_What you should do_: Copy out exactly, from the entries that follow, the line holding "Игровая джерси Andrei", the line holding "объявления няня на", and all lines between them, but no pictures.
*** Opening Supplied material ***
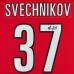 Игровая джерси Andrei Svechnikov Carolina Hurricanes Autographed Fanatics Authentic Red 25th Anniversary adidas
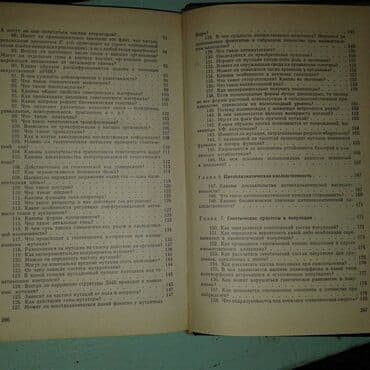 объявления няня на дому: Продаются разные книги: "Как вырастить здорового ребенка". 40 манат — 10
*** Closing Supplied material ***
*** Opening Supplied material ***
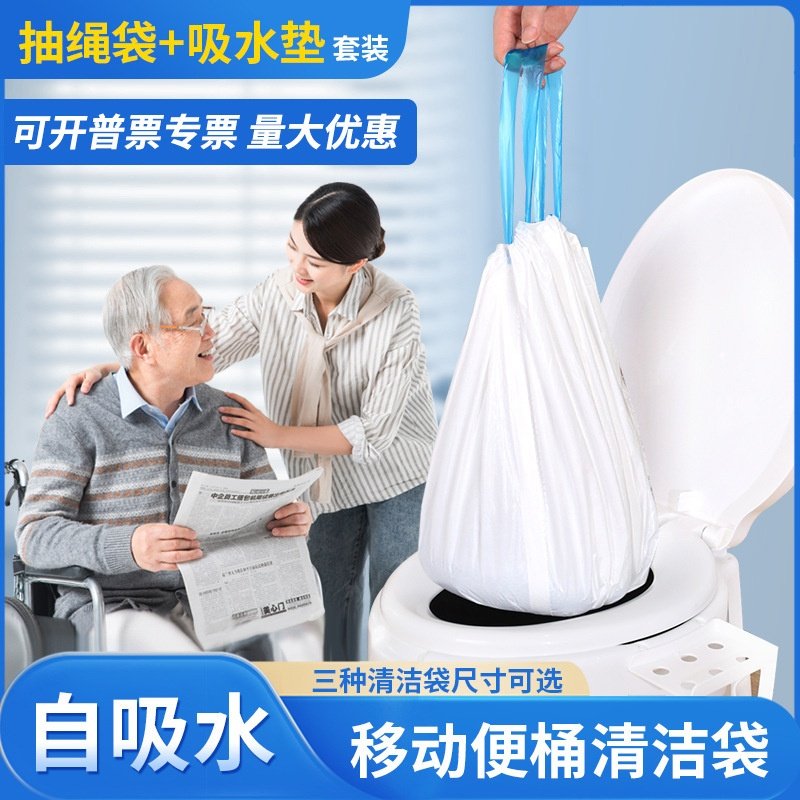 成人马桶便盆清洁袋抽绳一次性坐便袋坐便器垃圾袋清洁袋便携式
*** Closing Supplied material ***
_Result below_:
 Игровая джерси Andrei Svechnikov Carolina Hurricanes Autographed Fanatics Authentic Red 25th Anniversary adidas
 объявления няня на дому: Продаются разные книги: "Как вырастить здорового ребенка". 40 манат — 10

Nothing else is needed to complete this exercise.